TASK TO COMPLETE>
Under this line sits a listing. Repeat exactly and only its lines from the one holding "Banana palm tree" through the one holding "Шкаф-купе 2100 серии"; skip pictures.

LISTED RECORDS>
****
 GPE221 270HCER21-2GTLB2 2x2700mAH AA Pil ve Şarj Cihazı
****
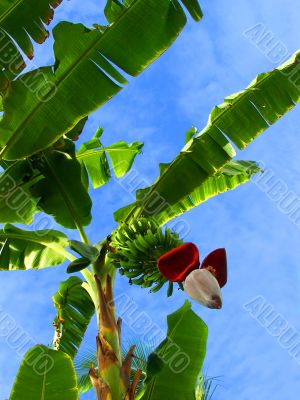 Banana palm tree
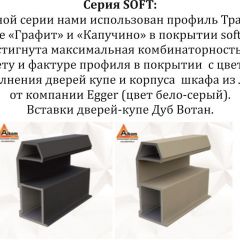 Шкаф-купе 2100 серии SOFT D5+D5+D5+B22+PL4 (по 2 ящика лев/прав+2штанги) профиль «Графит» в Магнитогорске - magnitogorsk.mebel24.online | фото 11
****
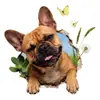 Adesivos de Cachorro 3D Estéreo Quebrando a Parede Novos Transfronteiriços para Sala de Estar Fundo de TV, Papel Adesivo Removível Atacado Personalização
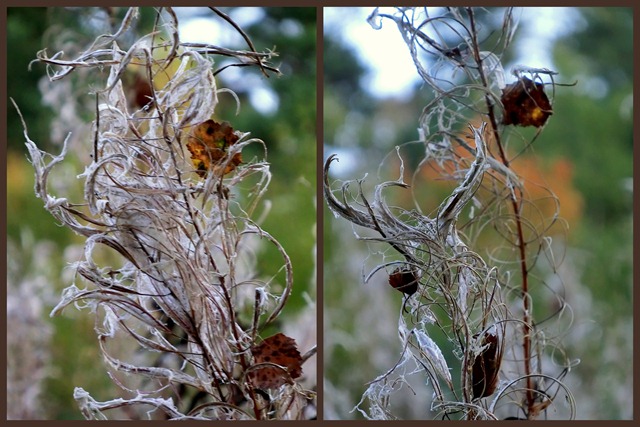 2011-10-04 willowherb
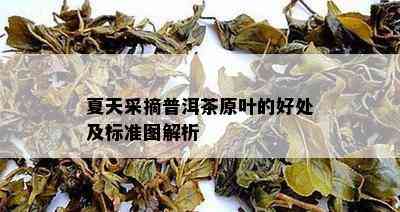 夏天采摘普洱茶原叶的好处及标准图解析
****
EXPECTED OUTPUT>
 Banana palm tree
 Шкаф-купе 2100 серии SOFT D5+D5+D5+B22+PL4 (по 2 ящика лев/прав+2штанги) профиль «Графит» в Магнитогорске - magnitogorsk.mebel24.online | фото 11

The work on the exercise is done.